La deuxième jurisprudence étudiée précise que, s’il résulte de l’article 700 alinéa premier du Code civil que, en cas de division d’un fonds bénéficiant d’une servitude conventionnelle de passage, la servitude reste due au profit de l’ensemble des fonds issus de celle-ci, peu importe l’absence de contiguïté de l’un d’eux avec le fonds servant.
Ce texte n’emporte pas de plein droit création d’une servitude entre des fonds issus de ladite servitude.
Dans la première jurisprudence, Cour de cassation, première Chambre civile, 12 septembre 2024, N°22-18.602.
Quels sont les faits ?
Dans la première affaire, Cass 1ère civ, 12 septembre 2024, n°22-18.602, Monsieur J et sa sœur, Madame F, propriétaires de parcelles enclavées, ont assigné notamment Madame S, propriétaire de parcelle voisine, en création d’un passage sur sa propriété afin d’assurer la desserte de leur fonds.

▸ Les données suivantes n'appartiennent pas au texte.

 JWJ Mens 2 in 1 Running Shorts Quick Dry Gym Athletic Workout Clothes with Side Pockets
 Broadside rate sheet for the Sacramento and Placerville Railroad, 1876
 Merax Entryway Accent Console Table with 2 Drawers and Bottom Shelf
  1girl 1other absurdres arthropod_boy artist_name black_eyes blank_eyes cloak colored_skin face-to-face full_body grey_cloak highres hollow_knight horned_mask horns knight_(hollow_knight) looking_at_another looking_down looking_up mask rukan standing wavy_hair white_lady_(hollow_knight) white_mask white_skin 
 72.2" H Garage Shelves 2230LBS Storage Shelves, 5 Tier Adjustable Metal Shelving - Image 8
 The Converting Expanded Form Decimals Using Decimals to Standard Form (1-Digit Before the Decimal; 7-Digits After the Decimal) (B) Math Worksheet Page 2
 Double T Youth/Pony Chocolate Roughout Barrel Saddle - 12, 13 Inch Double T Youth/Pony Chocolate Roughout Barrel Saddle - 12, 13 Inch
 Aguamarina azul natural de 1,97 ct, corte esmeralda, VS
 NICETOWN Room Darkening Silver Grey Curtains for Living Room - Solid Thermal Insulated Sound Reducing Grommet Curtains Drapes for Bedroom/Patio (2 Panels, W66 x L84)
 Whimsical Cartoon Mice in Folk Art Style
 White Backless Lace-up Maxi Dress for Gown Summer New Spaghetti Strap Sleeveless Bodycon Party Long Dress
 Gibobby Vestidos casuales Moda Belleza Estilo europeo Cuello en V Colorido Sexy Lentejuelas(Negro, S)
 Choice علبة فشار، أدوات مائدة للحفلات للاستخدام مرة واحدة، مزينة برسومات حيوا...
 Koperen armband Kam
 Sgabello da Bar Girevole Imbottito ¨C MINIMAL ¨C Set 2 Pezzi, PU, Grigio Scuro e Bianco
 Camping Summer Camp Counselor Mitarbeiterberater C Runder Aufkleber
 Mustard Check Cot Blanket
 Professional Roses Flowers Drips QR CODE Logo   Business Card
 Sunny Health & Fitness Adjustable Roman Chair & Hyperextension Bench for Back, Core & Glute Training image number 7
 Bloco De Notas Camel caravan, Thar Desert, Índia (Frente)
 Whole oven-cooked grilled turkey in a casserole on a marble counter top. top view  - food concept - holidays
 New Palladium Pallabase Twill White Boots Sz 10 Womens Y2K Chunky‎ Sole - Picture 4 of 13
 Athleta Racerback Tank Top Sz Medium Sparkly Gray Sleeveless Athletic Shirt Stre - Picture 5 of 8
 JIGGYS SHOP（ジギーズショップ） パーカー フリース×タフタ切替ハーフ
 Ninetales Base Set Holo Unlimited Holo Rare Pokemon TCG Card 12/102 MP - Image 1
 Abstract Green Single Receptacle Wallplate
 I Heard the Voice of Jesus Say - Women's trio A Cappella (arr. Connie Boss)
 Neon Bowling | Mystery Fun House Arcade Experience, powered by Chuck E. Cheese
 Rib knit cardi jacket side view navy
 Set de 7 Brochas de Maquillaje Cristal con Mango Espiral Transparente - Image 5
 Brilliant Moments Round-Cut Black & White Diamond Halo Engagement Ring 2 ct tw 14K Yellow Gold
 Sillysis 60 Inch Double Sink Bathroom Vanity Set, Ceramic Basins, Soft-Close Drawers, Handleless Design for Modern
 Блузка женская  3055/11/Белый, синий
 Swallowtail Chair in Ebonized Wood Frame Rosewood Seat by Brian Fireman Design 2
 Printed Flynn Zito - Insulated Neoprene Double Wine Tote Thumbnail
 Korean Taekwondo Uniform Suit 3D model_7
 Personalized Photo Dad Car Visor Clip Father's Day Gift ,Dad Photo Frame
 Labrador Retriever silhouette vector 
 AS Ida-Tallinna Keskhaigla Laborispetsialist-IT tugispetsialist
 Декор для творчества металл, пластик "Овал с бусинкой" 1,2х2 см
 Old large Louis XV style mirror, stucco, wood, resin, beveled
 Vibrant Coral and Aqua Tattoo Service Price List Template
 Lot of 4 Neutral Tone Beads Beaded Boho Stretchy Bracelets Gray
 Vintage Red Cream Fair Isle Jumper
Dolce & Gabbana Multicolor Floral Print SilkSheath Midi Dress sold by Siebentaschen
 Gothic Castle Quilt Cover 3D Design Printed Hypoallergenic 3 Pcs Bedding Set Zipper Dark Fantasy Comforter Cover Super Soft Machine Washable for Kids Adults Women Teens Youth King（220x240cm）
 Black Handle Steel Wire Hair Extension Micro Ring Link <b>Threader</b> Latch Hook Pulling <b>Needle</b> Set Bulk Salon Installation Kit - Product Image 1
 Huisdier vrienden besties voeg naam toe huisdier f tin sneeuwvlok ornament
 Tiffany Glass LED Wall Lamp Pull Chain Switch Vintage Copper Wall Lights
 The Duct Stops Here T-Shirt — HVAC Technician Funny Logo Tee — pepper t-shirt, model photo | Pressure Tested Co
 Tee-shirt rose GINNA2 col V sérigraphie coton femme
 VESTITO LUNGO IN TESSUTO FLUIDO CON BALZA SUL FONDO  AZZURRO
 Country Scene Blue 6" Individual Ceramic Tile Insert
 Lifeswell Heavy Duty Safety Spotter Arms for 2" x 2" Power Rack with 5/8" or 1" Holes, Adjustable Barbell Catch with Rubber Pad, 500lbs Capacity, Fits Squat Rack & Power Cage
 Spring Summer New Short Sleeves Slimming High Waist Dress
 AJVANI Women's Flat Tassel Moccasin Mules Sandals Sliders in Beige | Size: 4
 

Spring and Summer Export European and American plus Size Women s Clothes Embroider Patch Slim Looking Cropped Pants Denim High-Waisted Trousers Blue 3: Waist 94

Une servitude de passage impactant plusieurs lots
Monsieur et Madame W, propriétaires des parcelles contiguës également enclavées, les consorts V et G, donataires des terrains appartenant à leur mère, Madame F, mère des demandeurs depuis décédée et aux droits de laquelle viennent ses enfants, sont intervenus à la procédure en demandant à bénéficier du passage sur la propriété de Madame S et de Madame C, sa fille également intervenue à l’Instance.
L’indemnisation solidaire des propriétaires des fonds dominants
Or, dans le cadre de la procédure à hauteur de Cour de cassation, Madame Z faisait grief à la Cour d’appel d’avoir rejeté sa demande d’indemnisation alors que, selon elle, la condamnation solidaire des propriétaires de fonds dominants à verser une somme en indemnisation proportionnée au préjudice occasionné aux propriétaires du fond servant par une servitude de passage n’est pas incompatible avec le principe posé par l’article 682 du Code civil selon lequel l’indemnité doit être proportionnée aux dommages causés par le passage pour désenclaver les fonds dominants dès lors qu’il contribue à l’entier dommage et que, entre eux, les coauteurs ne contribuent à la dette qu’à concurrence de leur part.
Ainsi, en l’espèce, saisie d’une demande de condamnation solidaire, les propriétaires des différents dominants qui seraient amenés à emprunter la servitude de passage établie sur le fonds de Madame Z, la Cour d’appel avait effectivement décidé qu’elle ne pouvait fixer une indemnité en fonction des inconvénients des désagréments occasionnés par chacun des fonds dominants.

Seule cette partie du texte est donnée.